I checked my watch; six miles to run. I looked over my shoulder; no Man In The Yellow Hat. So far, so good.


Anonymous said...

FYI, some interesting reading/pix

veloben said...

Always knew that guy in the yellow hat was evil.

Liz H. said...

We have signs of a sort on our homes already, but they're often not in words. Yours probably says "Here lives a man obsessed with bicycles" and goes on to point out such interesting features as (taking a shot in the dark) the rack on your car, the foil wrappers in your trash, and the clip shoes by your door.
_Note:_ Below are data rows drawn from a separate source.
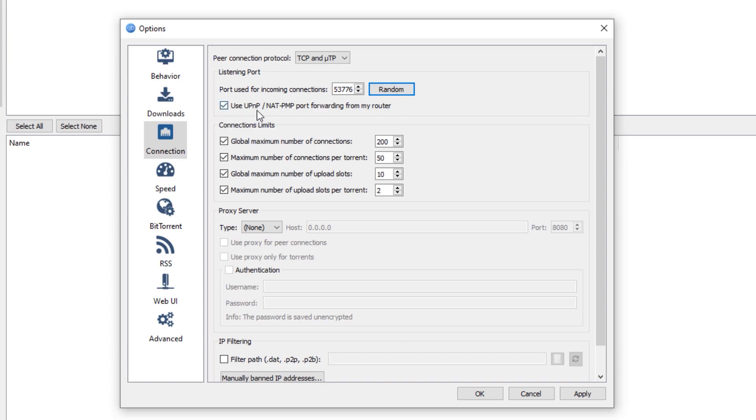Next, we need to make sure that you use UPnP/NAT-PMP port forwarding from my router is currently checked right here. And for the connections limit,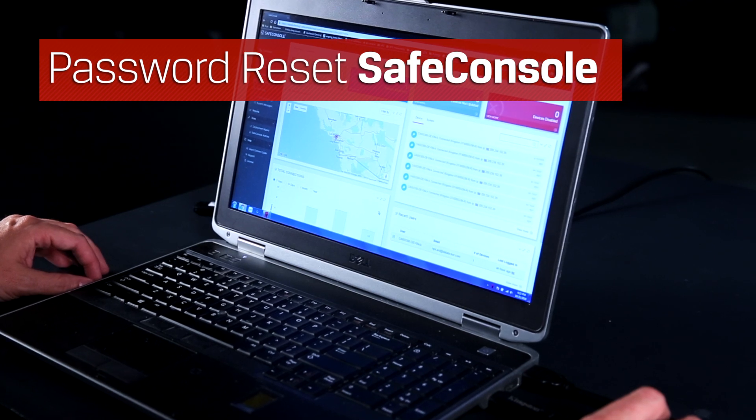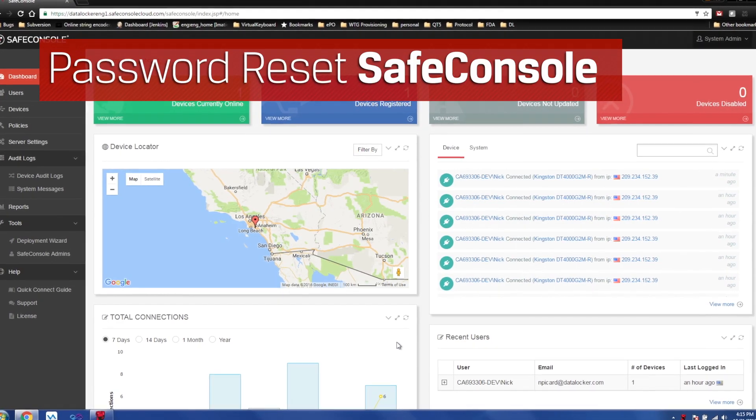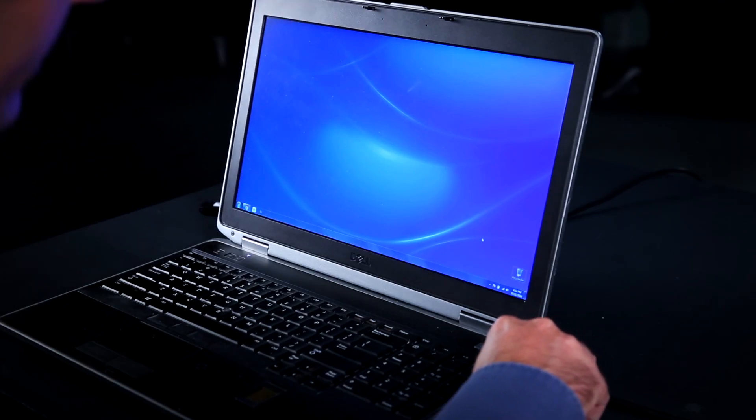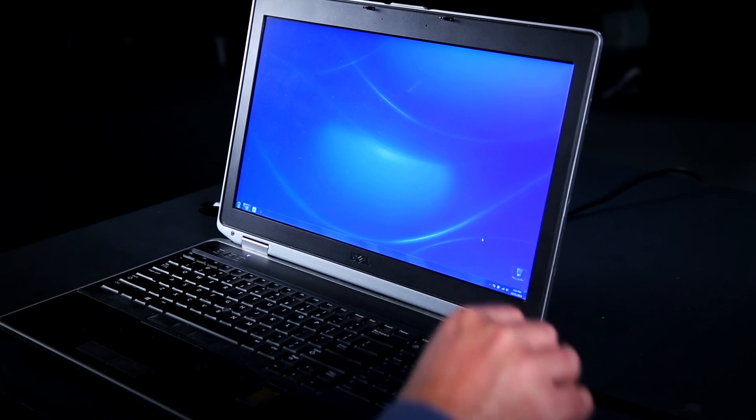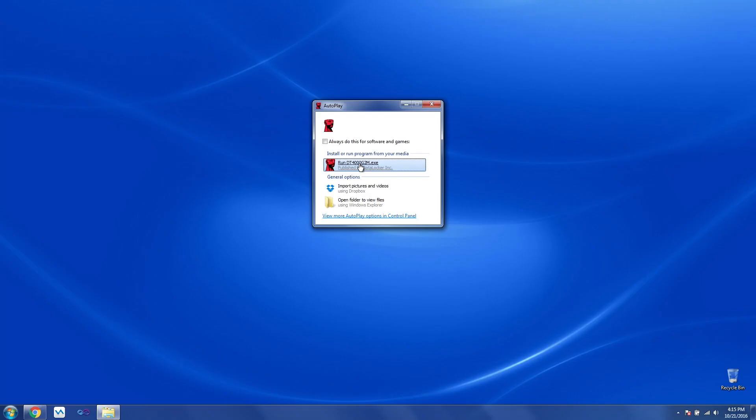Using SafeConsole, the user can reset their password with the help of the administrator. The first thing you'll have to do, plug in the device, and run the software.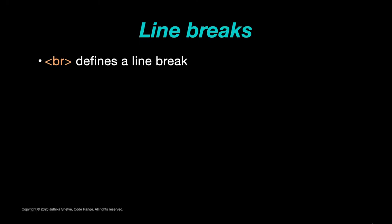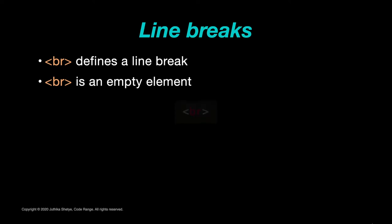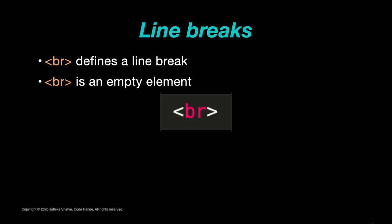The BR element defines a line break and a BR element is an empty element which means that it has no end tag. It is simply written like this.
Perhaps you just need more practice at reading signs. I'm fairly sure those red butts in (other) primates do not signal PMS -- quite the opposite.

Jef Mallett said...

Excellent points, all. And one of my own to add, a bit sheepishly: I should point out that a friend of mine lives in the very neighborhood I wrote about -- and that, to my knowledge, all he did to earn his great fortune was to make people happy. No crime. No dishonesty. Sorry, Balzac. Nobody's 100% right. And sorry, WJB. You're ... well, you could be a bit of an eloquent nutter sometimes. You were close, though.